#### SUPPLIED MATERIAL

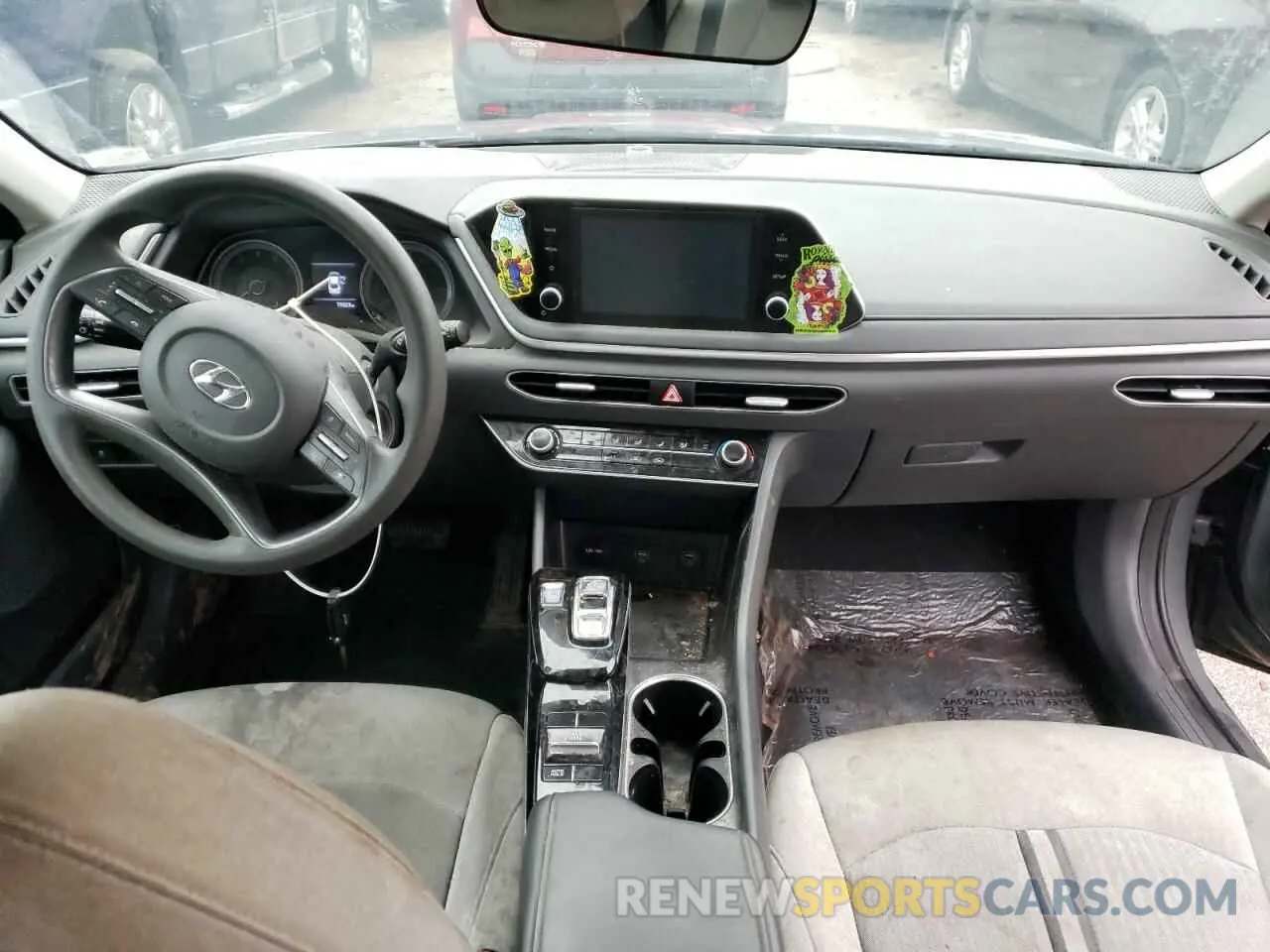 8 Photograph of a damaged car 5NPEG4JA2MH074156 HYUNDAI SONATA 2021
...
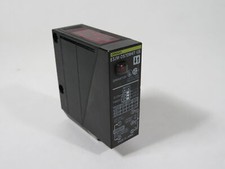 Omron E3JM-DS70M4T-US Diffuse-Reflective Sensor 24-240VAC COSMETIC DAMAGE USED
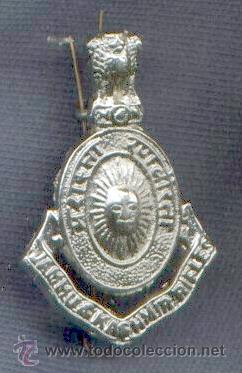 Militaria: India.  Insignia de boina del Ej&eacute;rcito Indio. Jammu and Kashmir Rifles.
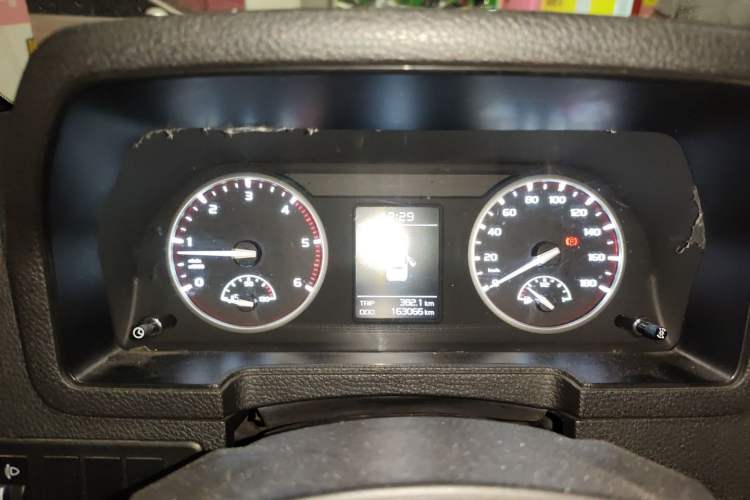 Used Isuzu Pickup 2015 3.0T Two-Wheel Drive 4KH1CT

#### WHAT YOU WILL DO
In the records above, find the line with "Omron E3JM-DS70M4T-US Diffuse-Reflective" and the line with "Used Isuzu Pickup"; please transcribe exactly those two lines and all lines between them, omitting any picture.

#### PROBLEM SOLUTION
 Omron E3JM-DS70M4T-US Diffuse-Reflective Sensor 24-240VAC COSMETIC DAMAGE USED
 Militaria: India.  Insignia de boina del Ej&eacute;rcito Indio. Jammu and Kashmir Rifles.
 Used Isuzu Pickup 2015 3.0T Two-Wheel Drive 4KH1CT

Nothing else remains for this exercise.